──────── INPUT FOR THIS TASK

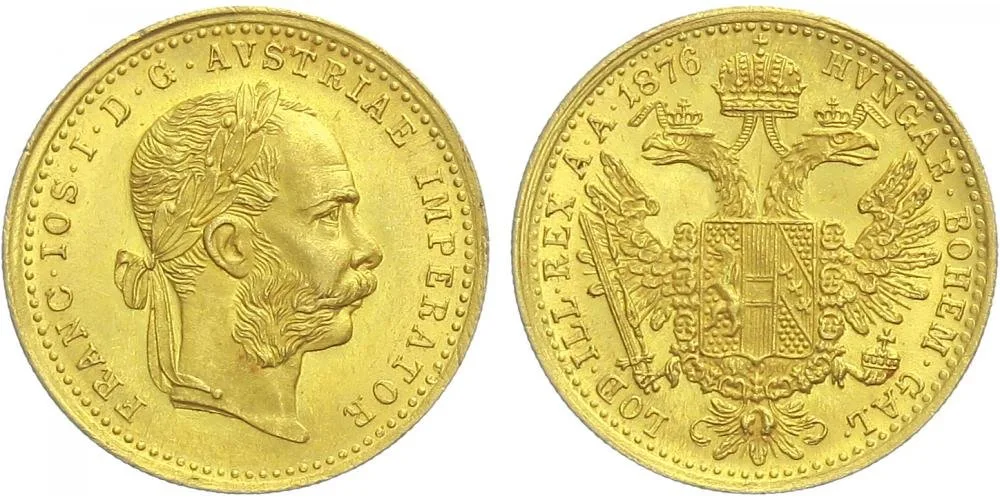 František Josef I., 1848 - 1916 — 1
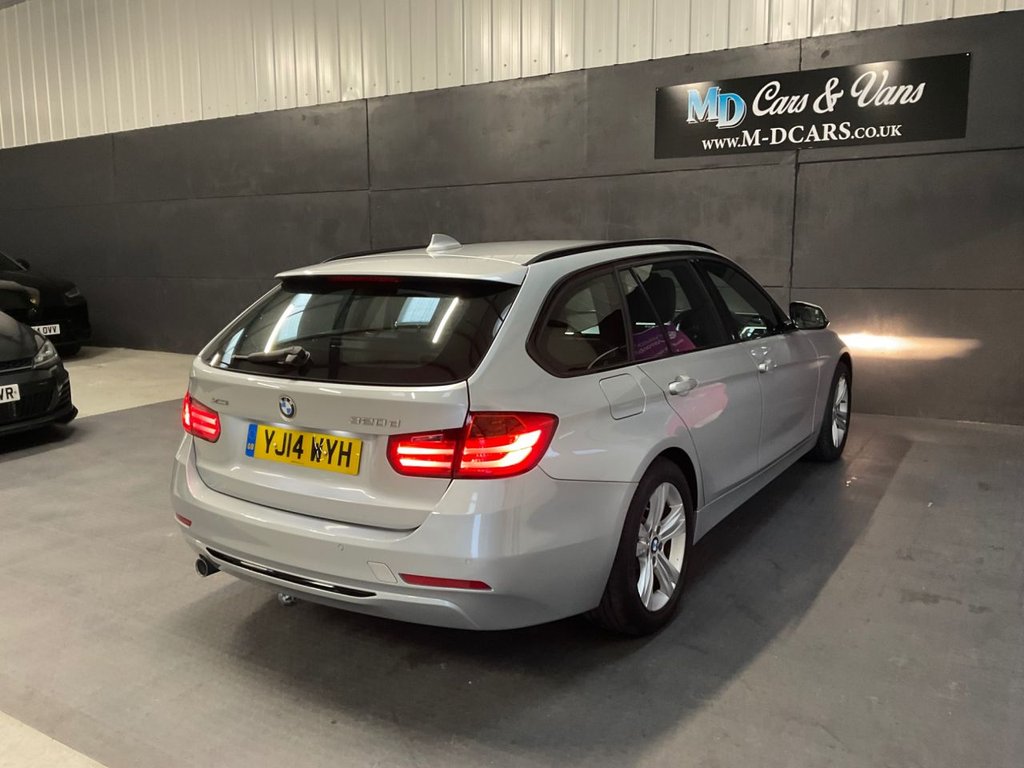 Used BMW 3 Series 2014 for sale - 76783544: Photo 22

────────────────
──────── INPUT FOR THIS TASK

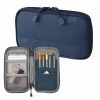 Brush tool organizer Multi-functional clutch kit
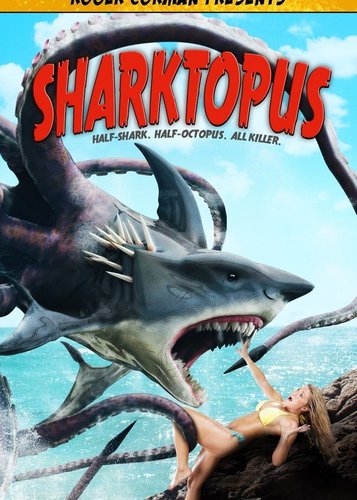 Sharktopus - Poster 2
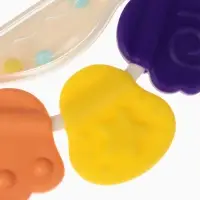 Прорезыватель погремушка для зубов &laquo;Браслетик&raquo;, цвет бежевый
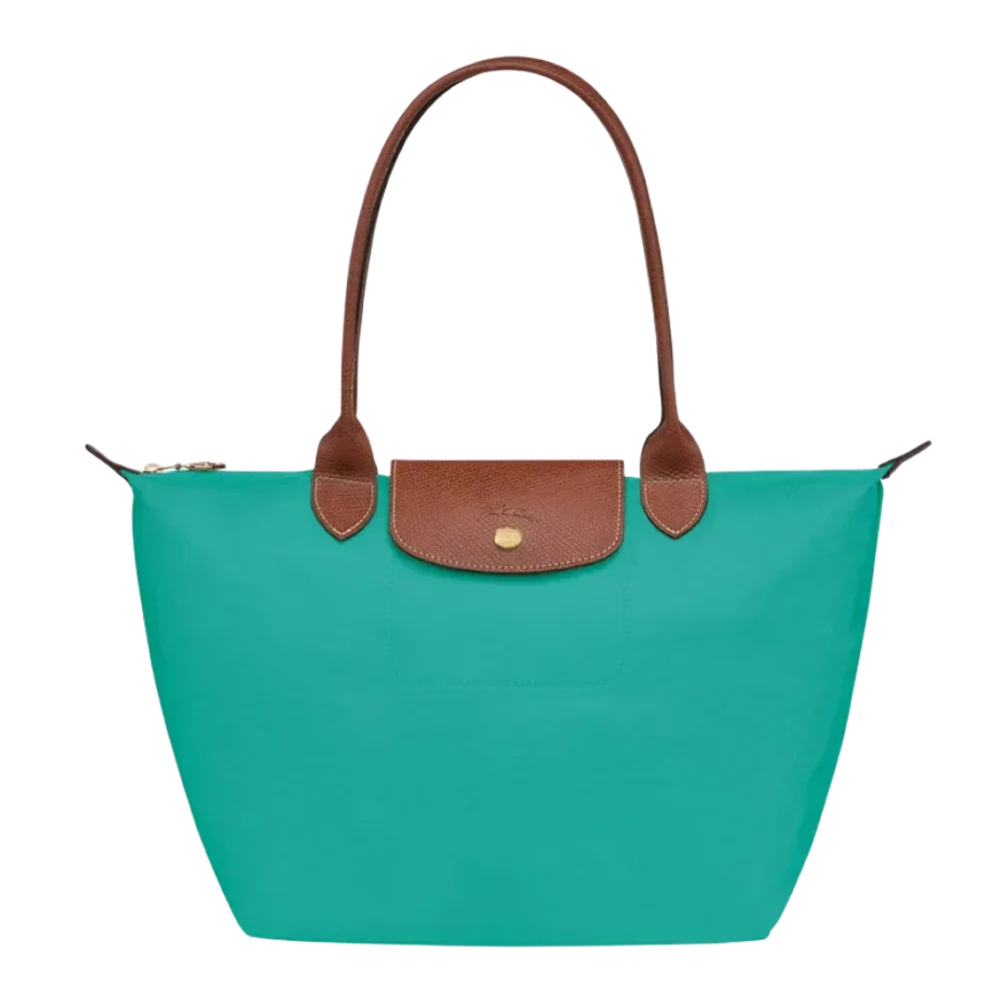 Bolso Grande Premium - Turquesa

────────────────

PROBLEM DESCRIPTION -
Look above for the line containing "Brush tool organizer" and the line containing "Bolso Grande Premium - Turquesa", then reproduce both and everything between them exactly, pictures omitted.

OUTPUT FOR THIS EXERCISE -
 Brush tool organizer Multi-functional clutch kit
 Sharktopus - Poster 2
 Прорезыватель погремушка для зубов &laquo;Браслетик&raquo;, цвет бежевый
 Bolso Grande Premium - Turquesa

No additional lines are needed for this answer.